I don't think this is what the Maori Party wanted before its first group of MPs are even seated. Its third-ranked list candidate Atareta Poananga has blasted its consultative hui process, describing it and co-leader Tariana Turia's glad-eye approach to National as "political suicide". Turia yesterday declared herself and her fellow MPs to have been given carte blanche to make coalition decisions by the hui, but Te Tai Tokerau candidate Hone Harawira said that was not the case at all, and hui in his electorate and Tainui had been trenchantly opposed to an accommodation with National, no matter what policy concessions were offered. They have contrived in short order to look like an unstable party.
When I interviewed him a couple of weeks ago, new Labour MP Shane Jones expressed the view - as, indeed, he has all along - that the foreshore and seabed issue had taken on an emotional charge that overwhelmed its practical significance. Would a promise from National - as claimed by Richard Prebble in the Herald on Sunday - to abolish the seabed and foreshore legislation in favour of some unspecified alternative really make up for the abolition of Te Puni Kokiri, the Maori Land Court and the Maori electorates? And the alteration of the school curriculum to remove emphasis on the Treaty? Or would National drop those policies too? In which case: WTF?
Adam Gifford explores this territory to useful effect in his new Nga Korero o te Wa blog, suggesting a return to the roots of the dispute: the Marlborough District Council's shabby and unfair behaviour in allocating (or, rather, consistently failing to allocate) aquaculture rights to local iwi. In the comments, Tim Selwyn points out that "the F&S Act is the genesis of the party" and proposes that we're seeing a good-cop-bad-cop strategy. I think that's overly charitable.
Meanwhile, Turia managed to have another go at her former party in, of all things, a speech to the National Maori Asthma Conference, crediting leaving Labour with clearing up her asthma.

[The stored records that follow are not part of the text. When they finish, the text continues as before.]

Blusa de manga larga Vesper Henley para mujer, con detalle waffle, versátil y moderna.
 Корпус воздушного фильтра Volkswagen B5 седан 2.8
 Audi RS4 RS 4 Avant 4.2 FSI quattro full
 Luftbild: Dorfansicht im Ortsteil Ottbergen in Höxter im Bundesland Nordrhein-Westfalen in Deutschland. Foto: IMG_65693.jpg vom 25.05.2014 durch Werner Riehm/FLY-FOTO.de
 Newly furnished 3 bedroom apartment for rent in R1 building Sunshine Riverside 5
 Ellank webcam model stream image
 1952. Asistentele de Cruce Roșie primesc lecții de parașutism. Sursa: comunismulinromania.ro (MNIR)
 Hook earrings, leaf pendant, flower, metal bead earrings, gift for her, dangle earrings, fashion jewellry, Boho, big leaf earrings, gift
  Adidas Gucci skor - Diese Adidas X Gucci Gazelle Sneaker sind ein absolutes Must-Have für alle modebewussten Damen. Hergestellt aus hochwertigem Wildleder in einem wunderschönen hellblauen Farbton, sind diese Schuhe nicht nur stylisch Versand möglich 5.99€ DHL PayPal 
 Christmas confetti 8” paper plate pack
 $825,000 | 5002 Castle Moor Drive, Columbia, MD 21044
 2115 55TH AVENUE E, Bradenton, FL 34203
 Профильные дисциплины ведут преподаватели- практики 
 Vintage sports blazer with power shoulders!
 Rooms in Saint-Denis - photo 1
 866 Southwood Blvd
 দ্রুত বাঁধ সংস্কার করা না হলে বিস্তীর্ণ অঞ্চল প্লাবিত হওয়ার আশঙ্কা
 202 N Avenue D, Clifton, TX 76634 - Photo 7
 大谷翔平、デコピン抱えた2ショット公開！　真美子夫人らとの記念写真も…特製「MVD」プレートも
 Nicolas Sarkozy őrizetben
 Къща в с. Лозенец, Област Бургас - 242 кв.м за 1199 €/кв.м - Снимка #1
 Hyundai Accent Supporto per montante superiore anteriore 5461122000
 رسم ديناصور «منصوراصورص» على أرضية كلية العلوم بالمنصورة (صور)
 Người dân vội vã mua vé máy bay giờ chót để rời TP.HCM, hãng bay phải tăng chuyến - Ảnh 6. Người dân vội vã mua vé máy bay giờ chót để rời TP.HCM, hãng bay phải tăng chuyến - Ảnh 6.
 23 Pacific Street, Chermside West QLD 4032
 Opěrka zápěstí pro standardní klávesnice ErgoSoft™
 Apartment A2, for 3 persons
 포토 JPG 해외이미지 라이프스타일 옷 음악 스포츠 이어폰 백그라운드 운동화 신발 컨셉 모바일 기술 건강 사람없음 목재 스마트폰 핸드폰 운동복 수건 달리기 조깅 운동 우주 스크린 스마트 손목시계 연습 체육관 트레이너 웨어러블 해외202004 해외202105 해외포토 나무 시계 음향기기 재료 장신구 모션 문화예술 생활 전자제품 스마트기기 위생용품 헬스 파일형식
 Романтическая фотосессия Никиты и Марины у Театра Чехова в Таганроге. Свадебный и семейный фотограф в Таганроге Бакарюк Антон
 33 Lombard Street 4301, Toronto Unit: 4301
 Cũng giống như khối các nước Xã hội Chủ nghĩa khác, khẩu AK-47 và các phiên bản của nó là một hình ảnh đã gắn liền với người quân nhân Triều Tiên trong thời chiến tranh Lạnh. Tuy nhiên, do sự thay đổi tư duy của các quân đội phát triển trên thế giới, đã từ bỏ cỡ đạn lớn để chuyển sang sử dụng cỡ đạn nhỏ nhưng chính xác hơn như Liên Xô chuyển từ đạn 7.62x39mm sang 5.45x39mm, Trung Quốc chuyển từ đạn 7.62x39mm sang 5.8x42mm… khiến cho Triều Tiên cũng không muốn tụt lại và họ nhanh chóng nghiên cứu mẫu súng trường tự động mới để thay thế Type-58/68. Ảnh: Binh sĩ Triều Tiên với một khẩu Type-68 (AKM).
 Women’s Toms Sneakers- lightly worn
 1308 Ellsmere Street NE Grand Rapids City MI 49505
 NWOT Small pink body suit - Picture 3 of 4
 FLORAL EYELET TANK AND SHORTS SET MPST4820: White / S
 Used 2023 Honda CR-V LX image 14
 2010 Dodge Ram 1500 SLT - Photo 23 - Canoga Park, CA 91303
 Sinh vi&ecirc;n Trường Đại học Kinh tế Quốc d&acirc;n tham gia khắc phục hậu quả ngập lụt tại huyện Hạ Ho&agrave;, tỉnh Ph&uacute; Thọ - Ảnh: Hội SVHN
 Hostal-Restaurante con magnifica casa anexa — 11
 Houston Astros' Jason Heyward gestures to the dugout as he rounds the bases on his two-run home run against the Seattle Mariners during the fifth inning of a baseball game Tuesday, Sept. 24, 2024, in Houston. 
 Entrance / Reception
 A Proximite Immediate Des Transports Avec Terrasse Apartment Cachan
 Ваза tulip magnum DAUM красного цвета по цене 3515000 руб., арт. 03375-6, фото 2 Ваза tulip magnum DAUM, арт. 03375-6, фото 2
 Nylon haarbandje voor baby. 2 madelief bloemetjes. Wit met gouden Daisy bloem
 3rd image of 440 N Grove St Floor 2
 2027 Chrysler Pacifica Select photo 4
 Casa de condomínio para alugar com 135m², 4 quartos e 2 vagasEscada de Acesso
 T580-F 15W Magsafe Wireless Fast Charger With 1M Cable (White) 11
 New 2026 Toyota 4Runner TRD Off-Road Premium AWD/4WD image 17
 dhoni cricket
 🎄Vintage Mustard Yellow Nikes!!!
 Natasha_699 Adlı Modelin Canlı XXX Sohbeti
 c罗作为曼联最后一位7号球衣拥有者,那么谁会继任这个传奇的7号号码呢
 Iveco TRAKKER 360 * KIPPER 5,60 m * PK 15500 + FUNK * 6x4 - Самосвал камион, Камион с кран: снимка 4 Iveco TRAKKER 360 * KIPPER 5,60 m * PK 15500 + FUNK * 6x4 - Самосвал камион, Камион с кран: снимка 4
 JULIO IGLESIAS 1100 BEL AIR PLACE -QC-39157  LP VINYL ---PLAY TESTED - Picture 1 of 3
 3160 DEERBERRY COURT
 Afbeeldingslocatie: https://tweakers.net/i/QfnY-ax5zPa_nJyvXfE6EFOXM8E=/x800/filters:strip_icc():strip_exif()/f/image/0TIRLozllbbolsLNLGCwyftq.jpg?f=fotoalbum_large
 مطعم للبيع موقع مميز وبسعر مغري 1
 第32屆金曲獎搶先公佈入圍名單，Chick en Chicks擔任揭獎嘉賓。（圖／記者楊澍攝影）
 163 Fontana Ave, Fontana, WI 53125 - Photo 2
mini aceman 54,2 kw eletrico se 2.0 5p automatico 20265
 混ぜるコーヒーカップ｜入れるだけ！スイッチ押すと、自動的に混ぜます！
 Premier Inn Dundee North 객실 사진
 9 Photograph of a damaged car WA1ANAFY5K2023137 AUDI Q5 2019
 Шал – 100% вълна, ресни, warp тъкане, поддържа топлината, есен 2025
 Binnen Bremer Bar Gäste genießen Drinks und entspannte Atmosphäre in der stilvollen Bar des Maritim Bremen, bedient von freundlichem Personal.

David Farrar's analysis of the 2005 election results, originally compiled for internal National party use, has been liberated and published on the Act website (PDF). It's excellent.
This is worth a look. Mary Mapes, the CBS producer who conducted the investigation that became Rathergate, has written a book about it: Truth and Duty: The Press, the President, and the Privilege of Power. According to Cursor.org, the book was removed from the catalogue of Amazon.com, but is still listed on Amazon's Canadian site, where it appears with the book's first chapter.
It's useful to read, finally, a little of Mapes' own account of how the story was put together - and what happened after the right-wing attack machine turned on it. Was the memo a fake after all? As things stand, you'd have to say yes, but that doesn't make Mapes' story any less interesting.
Another behind-the-curtains media story (hat-tip No Right Turn) is Irish RTE reporter Carole Coleman's account of an interview she conducted with George W. Bush that subsequently became somewhat controversial. As an interviewer, she did everything right. But the behaviour of the President's media handlers? Yucky.
Question: Would a sensible response to soaring oil prices be to try and radically increase petrol production; delay, undermine or abolish existing air quality and emissions regulations; cap fines for price gouging; freeze development of cleaner fuels; and generally hand a great big slab of pork to the oil industry?
No? Well, that's the gist of the Gasoline for America's Security Act of 2005, which squeaked through the US House in highly questionable circumstances this week, with some Republican legislators voting with their arms forced up their backs. The National Environmental Trust summarises "the worst of the worst" of the bill, while conservative Republican Congressman Tom Cole puts the case in favour ("If we expect gasoline to remain affordable, we must build additional refinery capacity").
The strange thing is that US oil producers have been closing refineries for the last 15 years - citing excess refining capacity - and, according to a report by Democratic Senator Ron Wyden in 2001, doing so specifically to create scarcity:
The record shows – supported by documents I have obtained – that there is more to the story. Specifically, the documents suggest that major oil companies pursued efforts to curtail refinery capacity as a strategy for improving profit margins; that competing oil companies worked together to subvert supply; that refinery closures inhibited supply; and that oil companies are reaping record profits, yet may benefit from a proposed national energy policy that would offer financial incentives to expand refinery capacity.
Worked out quite nicely for them, didn't it?
So, is it a video iPod this week, then? Probably not, but that's not stopping everyone speculating like crazy.